Su base mensile, il dato rallenta anche il passo, dopo il +0,5% di gennaio: è vero comunque che i prezzi delle abitazioni, degli articoli di abbigliamento e assicurazione auto sono avanzati per il secondo mese consecutivo.
A Wall Street, è il fattore inflazione che sembra confermarsi principale market mover, smorzando i timori su ulteriori strette monetarie da parte della Federal Reserve.
Successivamente, analisti e trader iniziano a riflettere sulle implicazioni geopolitiche del licenziamento di Tillerson. I prezzi del petrolio salgono, con quelli scambiati a New York che superano ampiamente la soglia di $65 al barile, scontando il rischio che l’accordo sul nucleare siglato tra l’Iran e la precedente amministrazione Usa di Barack Obama abbia i giorni contati.
Come afferma in un’intervista Phil Flynn, analista senior dei mercati presso Price Futures Group, “ora che Tillerson se ne è andato, aumentano le probabilità che l’accordo con l’Iran venga affossato. E ciò aumenta il rischio geopolitico di sanzioni sull’Iran e di conseguenza i prezzi del petrolio”.
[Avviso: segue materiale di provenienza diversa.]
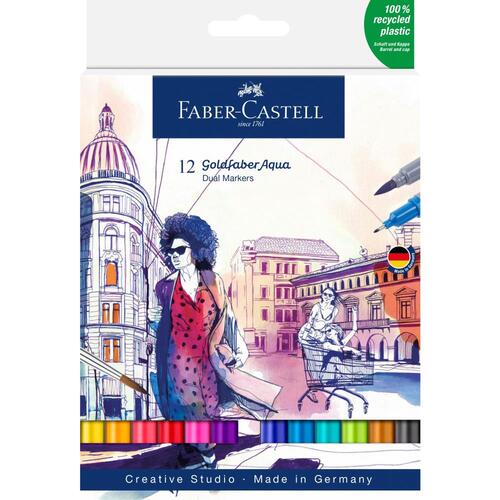 Faber-Castell Duo-Tip Washable Marker Set, Assorted Colors, Set of 24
Le quotazioni del petrolio tornano però poi a puntare verso il basso: sullo sfondo, le opinioni divergenti in seno all’Opec.
Come ha riportato il Wall Street Journal qualche ora fa, la disputa – che vede protagonisti soprattutto l’Iran e l’Arabia Saudita – riguarda il prezzo a cui il cartello dovrebbe tendere.
Secondo l’Iran, l’Opec non dovrebbe sostenere i prezzi al rialzo in modo eccessivo, in quanto ciò scatenerebbe una maggiore produzione da parte dei produttori di gas di scisto negli Stati Uniti. Mentre l’Arabia Saudita, in vista dell’Ipo – che sarebbe anche a rischio – di Saudi Aramco, ha tutto l’interesse a spingere in alto le quotazioni del greggio verso quota $70, secondo indiscrezioni vicine al regno.
Alle 16.40 circa ora di New York, il contratto WTI Crude scambiato sul Nymex cede -1,58% a $60,39, mentre il Brent arretra di -1,19% a $64,18 al barile.